Turbo - you called me out on this post: my bold
"I recall years ago when the State first enforced the requirement that unemployed persons visit the benefits office weekly and offer proof they went on at least 3 job interviews during the previous week - a great many young fellows found it easier to get a job than to put up with the rules."

How do the words in bold "I recall years ago" infer or portray anything as being "new"? PLEASE cut the crap.
 
  • #248


WhoWee said:
Please explain the jump to your conclusion.

Err, you suddenly cited a bunch of pro-social behaviours and dropped your previous specific mention of able-bodied idlers on benefits.

So please now explain your confusion over my conclusion. :zzz:
 
  • #249


kings7 said:
It was surprising to me as well. In fact, as another anecdotal piece, I used to do registration in the emergency room. I used register a lot of patients with both Medicare and Medicaid. Recently, I spoke with a couple registrars and they didn't even know the correct financial codes for a patient with both insurances because it's so uncommon! This has been backed up by my stats as well.

However, I know that locally the county DHS and surrounding areas have been cracking down on a backlog of "suspicious" cases and cutting off a lot of people. This could just be unique to my area.

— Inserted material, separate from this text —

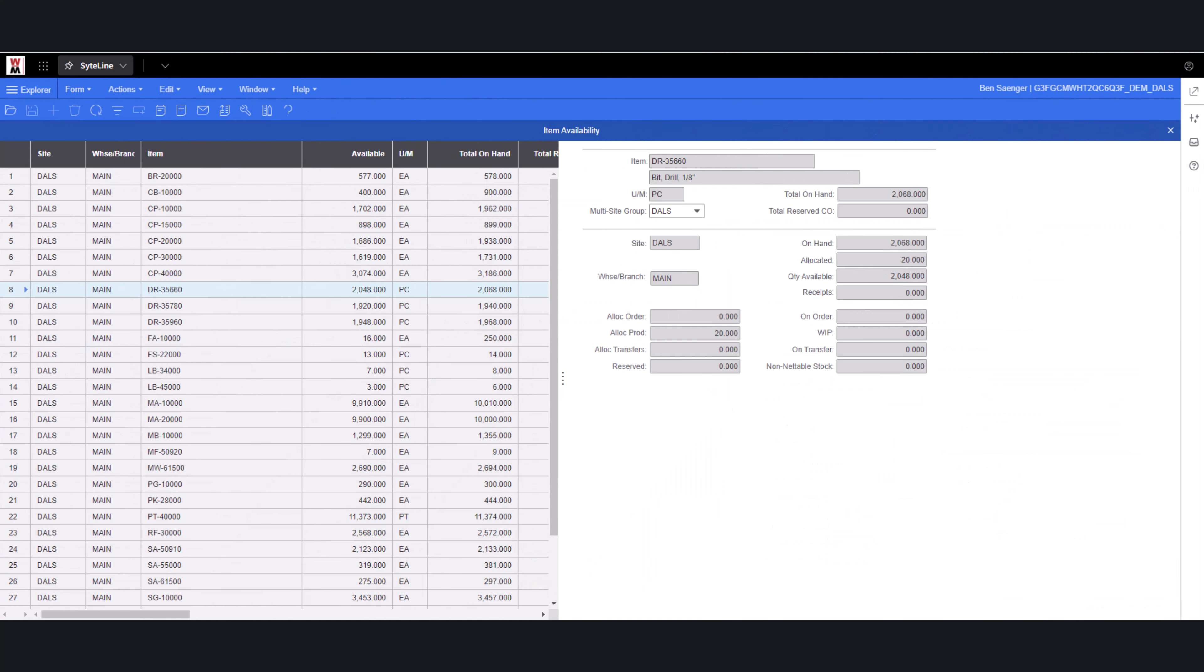CloudSuite Industrial SightLine empowers your business with the tools it needs to thrive in today's competitive landscape. Let's take control of your inventory together.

I know that about 90% of DHS's around the country experience a large backlog of some sort. A lot of the fraud problem would be solved with more workers. But more workers mean more cost. And that is obviously not an option at this point. It's a terrible cycle.

EDITED: For spelling.

I haven't been dealing with specific cases/claims - just the plans themselves. All of the pre-AEP meetings I've attended indicate an expected increase in people seeking dual eligible plans for 2012 - because of the way Medicaid pays - the plans often provide enhanced network choices.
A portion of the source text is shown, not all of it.